Ecolosport : La Fédération Française de Badminton a inscrit dans son projet fédéral « Badminton 3.0, objectif club » le développement durable comme l’un de ses objectifs prioritaires. Pouvez-vous nous en parler ?

Yohan Penel : Un petit groupe de convaincus s’est saisi du sujet en 2011. La première stratégie « développement durable » était axée sur la compétition. La première étape a été de construire une formation, qui s’appelle OMBER (Organiser une Manifestation de Badminton Éco-responsable), dont nous avons fait la 9ème édition l’année dernière. Le but est de donner toutes les clés aux organisateurs, sur le terrain, pour qu’ils prennent en compte l’éco-responsabilité dans toute sa dimension, de la mobilité aux achats en passant par les déchets. À priori, nous avons été les premiers à lancer ce type de formations dans le monde du sport. Aujourd’hui, nous organisons ces formations avec le tennis de table et le squash. L’objectif de cette première étape était de planter des petites graines chez tous les organisateurs d’événements.

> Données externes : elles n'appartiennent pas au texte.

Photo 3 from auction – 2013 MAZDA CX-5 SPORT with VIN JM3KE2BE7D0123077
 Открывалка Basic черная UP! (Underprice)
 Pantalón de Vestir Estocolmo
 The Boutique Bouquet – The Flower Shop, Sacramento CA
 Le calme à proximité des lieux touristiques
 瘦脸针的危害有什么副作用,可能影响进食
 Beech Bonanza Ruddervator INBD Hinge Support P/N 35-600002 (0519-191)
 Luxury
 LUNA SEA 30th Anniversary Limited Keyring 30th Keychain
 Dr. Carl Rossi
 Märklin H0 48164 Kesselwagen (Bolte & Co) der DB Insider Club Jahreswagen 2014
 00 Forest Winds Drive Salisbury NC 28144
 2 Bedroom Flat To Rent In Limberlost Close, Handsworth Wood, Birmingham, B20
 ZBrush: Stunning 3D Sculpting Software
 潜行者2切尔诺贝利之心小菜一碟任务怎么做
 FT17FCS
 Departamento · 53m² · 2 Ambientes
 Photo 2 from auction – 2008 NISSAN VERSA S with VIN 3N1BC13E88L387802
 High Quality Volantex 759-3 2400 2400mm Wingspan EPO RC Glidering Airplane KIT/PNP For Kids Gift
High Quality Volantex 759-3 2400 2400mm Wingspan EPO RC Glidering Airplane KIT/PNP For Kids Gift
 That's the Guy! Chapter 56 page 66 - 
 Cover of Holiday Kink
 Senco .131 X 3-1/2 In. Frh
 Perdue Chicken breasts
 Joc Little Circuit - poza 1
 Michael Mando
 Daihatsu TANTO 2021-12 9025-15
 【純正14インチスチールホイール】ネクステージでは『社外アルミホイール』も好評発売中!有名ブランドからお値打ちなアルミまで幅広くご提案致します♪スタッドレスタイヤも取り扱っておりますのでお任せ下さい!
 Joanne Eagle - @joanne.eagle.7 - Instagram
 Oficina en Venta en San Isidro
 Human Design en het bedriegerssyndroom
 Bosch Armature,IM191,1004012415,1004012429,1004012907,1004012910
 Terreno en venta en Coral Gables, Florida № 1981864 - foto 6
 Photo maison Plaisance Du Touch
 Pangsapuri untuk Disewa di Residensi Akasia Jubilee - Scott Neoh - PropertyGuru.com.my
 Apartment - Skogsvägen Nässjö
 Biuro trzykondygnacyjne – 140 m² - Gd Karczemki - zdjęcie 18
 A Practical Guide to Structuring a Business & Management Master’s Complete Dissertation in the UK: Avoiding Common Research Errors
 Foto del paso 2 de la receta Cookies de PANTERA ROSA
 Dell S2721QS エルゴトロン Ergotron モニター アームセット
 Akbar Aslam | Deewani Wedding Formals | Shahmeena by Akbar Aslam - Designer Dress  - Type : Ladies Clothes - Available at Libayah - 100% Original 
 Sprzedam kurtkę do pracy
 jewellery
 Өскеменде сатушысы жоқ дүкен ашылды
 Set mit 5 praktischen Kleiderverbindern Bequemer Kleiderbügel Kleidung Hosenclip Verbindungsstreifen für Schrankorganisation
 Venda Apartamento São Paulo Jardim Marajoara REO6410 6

La deuxième étape a été de rendre la Fédération Français de Badminton exemplaire. En 2014, nous avons fait le bilan carbone de notre fonctionnement général et des Internationaux de France, qui sont l’équivalent de Roland Garros au badminton. Les deux bilans carbone vont dans le même sens : ce qui pèse le plus lourd, c’est le déplacement des athlètes. Il y a une réflexion globale à mener, mais ça ne dépend pas que de nous. Nous nous sommes donc focalisés sur ce que nous pouvions gérer et nous avons changé un certain nombre de choses, comme l’éclairage du siège fédéral.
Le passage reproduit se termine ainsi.